Unfortunately the sense that both the government and the opposition brought to this bill has not been shared by the Greens. Unfortunately that is typical, as the Deputy Speaker will well know. I understand that the Greens have indicated that they will vote against this bill in the Senate, which is really quite extraordinary considering that this bill simply makes sure that our law enforcement personnel have the appropriate powers available to them to do their job.
The G20 Leaders Summit is the most important gathering of leaders in Australia. It is a privilege for Australia to be hosting such a gathering of leaders, and it will put Australia within the world spotlight. To suggest that somehow law enforcement personnel should not have access to the powers provided for in the Queensland G20 legislation at a facility as important as Brisbane Airport is quite ludicrous. I hope that the Greens reconsider their position and join the government and opposition in sensibly supporting this legislation.
The G20 Leaders Summit will be a forum for conversations that will shape the course of the global economy in coming years. Hosting an event of this magnitude brings with it great responsibility.
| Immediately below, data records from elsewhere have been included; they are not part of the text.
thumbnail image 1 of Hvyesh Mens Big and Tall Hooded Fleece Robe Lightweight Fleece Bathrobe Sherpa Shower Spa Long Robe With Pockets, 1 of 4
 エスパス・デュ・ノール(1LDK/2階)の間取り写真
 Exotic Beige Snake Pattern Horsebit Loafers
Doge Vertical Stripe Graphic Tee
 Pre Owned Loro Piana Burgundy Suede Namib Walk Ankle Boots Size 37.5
The Queensland government has enacted legislation to give police and other authorised persons the powers they will need during the G20 events in Queensland. Those powers are necessary and proportionate to the important task of ensuring the safety and security of our distinguished guests and of course to also protect the public. The bill will ensure that those powers are clear and unambiguous when it comes to Commonwealth places. It will clarify the interaction between Queensland G20 legislation and Commonwealth aviation legislation, which will both apply at Brisbane airport during the G20 Leaders Summit. Brisbane Airport will be the key gateway for our guests as they arrive and depart for the G20 summit. Security arrangements for the event and, in particular, at Brisbane Airport, are paramount. The government is taking all necessary steps to maximise the effectiveness of these security arrangements, and our law enforcement and security agencies stand ready to meet this challenge.
It is vitally important when we are hosting an event of the magnitude of the G20, which will see the world's most powerful people be hosted in Australia, that we provide appropriate security arrangements to guarantee not only the governments that are sending their heads of government to Australia but also the Australian public and the Queensland public that the Australian government and the Queensland government are going to be working in parallel to ensure the safety of the event. It is a very important event for Australia. Held in November this year, it will be a significant event in our national life. I therefore commend this bill to the House as a sensible measure to ensure that the safety and security of this event will proceed without any undue problems.
Question agreed to.
Bill read a second time.
Ordered that this bill be reported to the House without amendment.